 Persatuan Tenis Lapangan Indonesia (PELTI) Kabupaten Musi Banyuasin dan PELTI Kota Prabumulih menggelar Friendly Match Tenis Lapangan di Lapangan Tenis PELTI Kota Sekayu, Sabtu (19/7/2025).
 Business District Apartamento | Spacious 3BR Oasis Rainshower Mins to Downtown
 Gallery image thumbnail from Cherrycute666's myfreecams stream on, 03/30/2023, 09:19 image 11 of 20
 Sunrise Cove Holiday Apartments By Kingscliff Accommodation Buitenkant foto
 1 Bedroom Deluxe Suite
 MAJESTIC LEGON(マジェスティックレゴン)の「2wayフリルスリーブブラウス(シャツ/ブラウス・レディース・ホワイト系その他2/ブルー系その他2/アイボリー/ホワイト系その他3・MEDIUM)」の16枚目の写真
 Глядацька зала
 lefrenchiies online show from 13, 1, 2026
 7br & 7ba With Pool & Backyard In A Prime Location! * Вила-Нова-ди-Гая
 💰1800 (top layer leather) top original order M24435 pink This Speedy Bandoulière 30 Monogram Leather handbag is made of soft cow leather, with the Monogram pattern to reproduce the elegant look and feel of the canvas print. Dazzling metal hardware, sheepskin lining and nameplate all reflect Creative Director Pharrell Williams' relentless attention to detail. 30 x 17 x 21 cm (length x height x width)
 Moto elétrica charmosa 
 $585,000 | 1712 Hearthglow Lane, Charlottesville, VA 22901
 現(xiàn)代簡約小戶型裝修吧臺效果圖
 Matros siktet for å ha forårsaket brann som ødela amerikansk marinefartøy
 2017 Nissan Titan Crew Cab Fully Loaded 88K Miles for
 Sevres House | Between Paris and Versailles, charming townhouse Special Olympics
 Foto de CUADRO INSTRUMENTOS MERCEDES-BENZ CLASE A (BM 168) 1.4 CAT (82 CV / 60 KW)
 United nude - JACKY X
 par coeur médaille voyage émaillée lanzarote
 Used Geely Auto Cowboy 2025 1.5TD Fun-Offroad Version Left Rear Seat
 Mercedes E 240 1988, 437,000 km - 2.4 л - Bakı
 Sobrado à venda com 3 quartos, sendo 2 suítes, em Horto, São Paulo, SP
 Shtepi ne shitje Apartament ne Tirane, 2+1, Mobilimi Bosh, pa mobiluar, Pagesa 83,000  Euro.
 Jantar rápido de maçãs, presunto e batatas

▶ _EXERCISE DIRECTIONS_
Among the records, find every line holding the word "from" and copy it.

▶ _RESPONSE TO THE EXERCISE_
 Gallery image thumbnail from Cherrycute666's myfreecams stream on, 03/30/2023, 09:19 image 11 of 20
 lefrenchiies online show from 13, 1, 2026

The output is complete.